New backups require new repositories, and new tools
If a new style of data protection is required, it’s somewhat expected that customers are looking for new repositories to save their data into. In the past tape was the king of backups, and its RTO and RPO capabilities were more than enough to fulfill business requirements about data protection.
In these new scenarios, tape can only be used as a long term archival solution, and in this role it’s still the best option. But when it comes to primary backup targets, the only two viable solutions are disks and cloud services (again based on disks). Why? Simply because disk-based repositories are the only ones able to guarantee both the new and demanding RPO and RTO values. I see as backup appliances are in second position now, but expected to be overtaken by cloud services. To me, it’s a sign that customers are looking at a simpler approach to data protection: the primary target is still going to be a disk-based solution, since it’s the fastest one in terms of RTO, but when it comes to a secondary location for an additional backup copy, customers are probably looking at a solution that does not requires up-front investments in hardware, but it can be rather consumed “as a service” with a pay-as-you-go service.

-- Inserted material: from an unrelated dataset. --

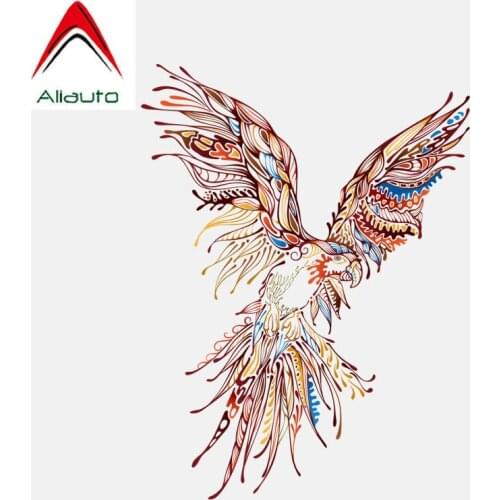 Aliauto Beautiful Colourful Parrot Cartoon Car Sticker PVC Decal for BMW E39 E46 Mercedes Opel Renault Peugeot Mazda ,13cm*17cm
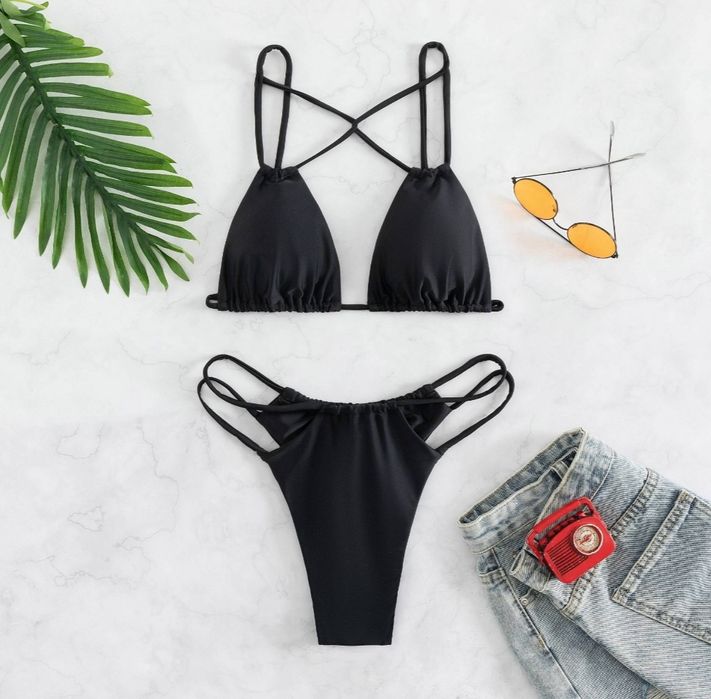 НОВІ! Купальники пуш-ап, чорний, леопард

Maybe some Cloud Providers are using those tapes and backup appliances that customers tends to avoid, but the message is not about what solution is preferred, it’s more about how data protection services are going to be consumed.
After choosing the right repository for new demanding SLA, what tools will be used to achieve those goals?
This graphic is extremely interesting, and it tell us (both users and data protection vendors) what to look for in the near future. Backup Software is still going to be the main solution, especially in small and medium businesses. In large enterprises however, we can expect a high growth of Storage Replication solutions.
This means two things:
– storage vendors cannot have solutions without this feature, and the feature itself will be less and less perceived as an optional feature. Customers will ask for it more and more, and vendors will be probably forced to offer as a standard feature more than an optional one.
– backup software still plays a huge role, because it can offer granular backup and recovery options, where Storage Replication is a little bit limited by the fact it works at the volume level and cannot identify single workloads. But at the same time, Backup Software needs to work in conjunction with the storage and its requested replication features. Again, a confirmation of the need for Backup and Storage integration.
Finally, an interesting note and Storage Snapshots: the demand for them is now at the same level of Replication, but in the future the will be probably less required. Hopefully, customers are finally understanding that snapshots are NOT backups, and saving data inside the same storage that they are supposed to protect, is a stupid solution.
Final notes
I liked very much this research from Nimble Storage, and I was fascinated in seeing how some of the ideas I’m telling since years are finally becoming common in the IT Community.
I agree with many: backups were boooring. When we only had file level backup softwares sending data to tapes, there wasn’t really a data protection story to tell. Today, with modern data protection solutions, demanding environments to protect, and several effective solutions that can be implemented to achieve data protection requirements, backups are probably interesting again.